Mr Trump "must come to Congress to obtain a new AUMF (authorisation for use of military force), present a clear set of objectives, & ultimately hold Putin accountable for the bloodshed he has enabled", she added, referring to President Vladimir Putin of Russia, the Syrian regime's most powerful ally.
US military forces have largely been operating under AUMFs passed by Congress shortly after the 9/11 attacks to conduct operations against extremist groups like the Islamic State in Iraq and Syria (ISIS), including in Syria.
Some Democrats like Senator Tim Kaine, the party's vice-presidential nominee in 2016, said although last week's deadly apparent chemical attack was an abomination, Mr Trump's air strikes were illegal.
"The last thing Congress should be doing is giving this President a blank check to wage war against anyone, anywhere. We need to put clear limits in place before he starts another war," said Mr Kaine.
"Today, it's a strike on Syria - what's going to stop him from bombing Iran or North Korea next?"
Congressman Eric Swalwell reminded that Mr Trump launched missile strikes without congressional approval against a Syrian air field last year.

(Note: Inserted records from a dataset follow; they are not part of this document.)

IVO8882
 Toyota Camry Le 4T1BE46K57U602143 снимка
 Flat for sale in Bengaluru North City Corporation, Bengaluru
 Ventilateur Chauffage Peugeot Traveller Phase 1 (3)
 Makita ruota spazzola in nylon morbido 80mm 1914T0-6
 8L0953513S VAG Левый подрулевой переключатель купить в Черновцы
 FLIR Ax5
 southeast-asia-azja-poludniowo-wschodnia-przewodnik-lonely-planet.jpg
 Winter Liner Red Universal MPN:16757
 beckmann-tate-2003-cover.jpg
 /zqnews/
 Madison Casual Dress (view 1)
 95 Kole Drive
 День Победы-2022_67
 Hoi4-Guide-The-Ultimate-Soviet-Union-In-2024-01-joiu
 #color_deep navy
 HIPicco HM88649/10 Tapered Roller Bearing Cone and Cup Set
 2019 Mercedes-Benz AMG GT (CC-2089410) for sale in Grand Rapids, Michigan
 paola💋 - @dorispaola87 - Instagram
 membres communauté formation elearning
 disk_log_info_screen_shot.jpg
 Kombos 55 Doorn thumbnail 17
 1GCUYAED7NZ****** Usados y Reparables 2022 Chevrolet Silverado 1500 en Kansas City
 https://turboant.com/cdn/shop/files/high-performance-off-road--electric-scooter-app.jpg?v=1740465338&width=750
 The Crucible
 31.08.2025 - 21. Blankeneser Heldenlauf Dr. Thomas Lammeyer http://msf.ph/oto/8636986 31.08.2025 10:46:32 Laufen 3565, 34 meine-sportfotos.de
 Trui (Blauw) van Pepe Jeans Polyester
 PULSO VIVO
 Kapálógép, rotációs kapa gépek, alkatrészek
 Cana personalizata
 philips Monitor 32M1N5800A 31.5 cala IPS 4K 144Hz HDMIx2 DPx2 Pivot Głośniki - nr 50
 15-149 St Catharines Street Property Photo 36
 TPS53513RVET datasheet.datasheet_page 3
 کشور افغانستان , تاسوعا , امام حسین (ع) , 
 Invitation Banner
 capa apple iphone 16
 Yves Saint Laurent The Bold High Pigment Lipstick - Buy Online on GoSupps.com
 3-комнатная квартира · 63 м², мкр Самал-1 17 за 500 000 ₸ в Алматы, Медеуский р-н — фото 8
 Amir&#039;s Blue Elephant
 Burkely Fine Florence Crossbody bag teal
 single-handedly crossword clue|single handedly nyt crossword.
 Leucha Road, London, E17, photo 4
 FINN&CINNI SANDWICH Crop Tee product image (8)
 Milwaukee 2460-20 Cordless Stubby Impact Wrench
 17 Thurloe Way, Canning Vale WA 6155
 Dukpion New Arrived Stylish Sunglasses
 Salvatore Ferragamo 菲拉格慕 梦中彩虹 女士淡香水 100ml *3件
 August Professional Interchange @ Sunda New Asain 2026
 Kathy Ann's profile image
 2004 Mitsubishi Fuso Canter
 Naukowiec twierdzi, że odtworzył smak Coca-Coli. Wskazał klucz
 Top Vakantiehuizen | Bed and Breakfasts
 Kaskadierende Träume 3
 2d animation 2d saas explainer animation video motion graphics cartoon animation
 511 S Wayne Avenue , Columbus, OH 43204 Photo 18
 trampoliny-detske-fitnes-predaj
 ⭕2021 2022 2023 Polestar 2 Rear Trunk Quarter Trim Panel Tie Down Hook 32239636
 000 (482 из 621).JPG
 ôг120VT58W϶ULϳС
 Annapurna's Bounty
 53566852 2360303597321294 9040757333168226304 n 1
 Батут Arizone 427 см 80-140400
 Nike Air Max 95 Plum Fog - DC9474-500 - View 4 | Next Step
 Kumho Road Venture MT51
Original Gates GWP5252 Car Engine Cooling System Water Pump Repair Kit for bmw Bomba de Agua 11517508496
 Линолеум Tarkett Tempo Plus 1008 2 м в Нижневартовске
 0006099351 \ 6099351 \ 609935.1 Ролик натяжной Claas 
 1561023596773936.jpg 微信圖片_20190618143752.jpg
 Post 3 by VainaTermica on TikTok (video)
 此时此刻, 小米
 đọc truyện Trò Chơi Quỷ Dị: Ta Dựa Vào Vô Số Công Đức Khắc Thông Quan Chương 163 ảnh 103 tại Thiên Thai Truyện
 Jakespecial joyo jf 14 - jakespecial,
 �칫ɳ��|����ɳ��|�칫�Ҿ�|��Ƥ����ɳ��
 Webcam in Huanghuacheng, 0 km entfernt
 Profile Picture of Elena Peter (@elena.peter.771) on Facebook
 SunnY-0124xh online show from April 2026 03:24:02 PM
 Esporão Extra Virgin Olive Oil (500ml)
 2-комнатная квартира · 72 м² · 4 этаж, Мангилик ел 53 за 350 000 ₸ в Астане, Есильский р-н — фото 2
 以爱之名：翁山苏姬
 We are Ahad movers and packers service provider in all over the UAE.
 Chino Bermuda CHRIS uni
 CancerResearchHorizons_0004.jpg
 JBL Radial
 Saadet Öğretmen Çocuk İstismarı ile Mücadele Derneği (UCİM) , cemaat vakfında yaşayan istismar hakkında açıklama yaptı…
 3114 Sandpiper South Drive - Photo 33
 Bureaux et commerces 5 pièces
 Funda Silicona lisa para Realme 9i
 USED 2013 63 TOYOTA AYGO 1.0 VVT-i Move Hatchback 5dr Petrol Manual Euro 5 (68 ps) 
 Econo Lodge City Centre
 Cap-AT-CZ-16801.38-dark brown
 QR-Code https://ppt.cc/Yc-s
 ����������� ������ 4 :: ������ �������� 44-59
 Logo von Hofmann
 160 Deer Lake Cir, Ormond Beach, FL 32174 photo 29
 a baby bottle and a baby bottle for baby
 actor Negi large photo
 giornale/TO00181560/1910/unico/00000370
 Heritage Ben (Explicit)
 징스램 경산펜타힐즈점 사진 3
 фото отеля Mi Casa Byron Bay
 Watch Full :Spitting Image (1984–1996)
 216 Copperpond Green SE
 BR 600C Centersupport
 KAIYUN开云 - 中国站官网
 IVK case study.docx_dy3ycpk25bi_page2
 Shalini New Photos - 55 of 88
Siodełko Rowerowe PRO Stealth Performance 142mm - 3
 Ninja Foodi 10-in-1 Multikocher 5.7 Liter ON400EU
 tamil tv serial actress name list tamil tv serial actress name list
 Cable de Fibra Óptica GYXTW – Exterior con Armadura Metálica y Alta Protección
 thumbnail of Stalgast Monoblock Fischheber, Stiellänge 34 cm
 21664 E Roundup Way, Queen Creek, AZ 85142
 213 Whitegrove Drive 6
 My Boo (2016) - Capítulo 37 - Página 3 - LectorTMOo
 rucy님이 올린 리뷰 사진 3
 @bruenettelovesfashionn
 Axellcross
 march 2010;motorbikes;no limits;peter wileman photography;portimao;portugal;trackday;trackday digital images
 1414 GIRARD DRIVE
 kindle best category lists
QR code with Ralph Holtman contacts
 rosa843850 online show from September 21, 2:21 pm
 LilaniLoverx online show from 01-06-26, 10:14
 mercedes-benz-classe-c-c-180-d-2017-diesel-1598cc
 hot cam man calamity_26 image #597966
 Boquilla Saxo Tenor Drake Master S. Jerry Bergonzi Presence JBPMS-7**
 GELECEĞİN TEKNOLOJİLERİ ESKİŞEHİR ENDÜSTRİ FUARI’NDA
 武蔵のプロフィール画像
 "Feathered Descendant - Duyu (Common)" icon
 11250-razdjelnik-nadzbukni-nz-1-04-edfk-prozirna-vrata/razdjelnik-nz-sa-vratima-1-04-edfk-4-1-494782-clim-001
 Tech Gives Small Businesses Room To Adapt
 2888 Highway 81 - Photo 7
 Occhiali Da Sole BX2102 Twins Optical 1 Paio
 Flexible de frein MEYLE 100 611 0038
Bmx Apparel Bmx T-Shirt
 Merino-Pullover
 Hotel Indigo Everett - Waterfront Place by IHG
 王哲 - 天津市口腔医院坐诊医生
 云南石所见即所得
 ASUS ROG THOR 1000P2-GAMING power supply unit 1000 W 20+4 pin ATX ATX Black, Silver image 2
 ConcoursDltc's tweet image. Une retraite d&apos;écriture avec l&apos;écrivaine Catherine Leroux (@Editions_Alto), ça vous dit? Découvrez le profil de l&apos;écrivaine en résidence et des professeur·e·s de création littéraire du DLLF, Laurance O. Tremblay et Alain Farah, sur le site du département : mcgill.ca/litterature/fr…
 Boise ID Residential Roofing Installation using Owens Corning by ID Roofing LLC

"What's changed? Zero. They're still using chemical weapons," he said. "This is the result of a failure to have a strategy and engage Middle East countries to solve this problem."
Republican lawmakers largely backed the assault.
"The precision targeting of military targets are needed in the fight of good versus evil, a fight of the United States versus the dark edge of humanity," Senator Cory Gardner said.
But some libertarian Republicans, notably congressman Justin Amash, expressed full-throated opposition.
"These offensive strikes against Syria are unconstitutional, illegal, and reckless," Mr Amash said, adding that the next House Speaker who succeeds the outgoing Mr Paul Ryan should "reclaim congressional war powers".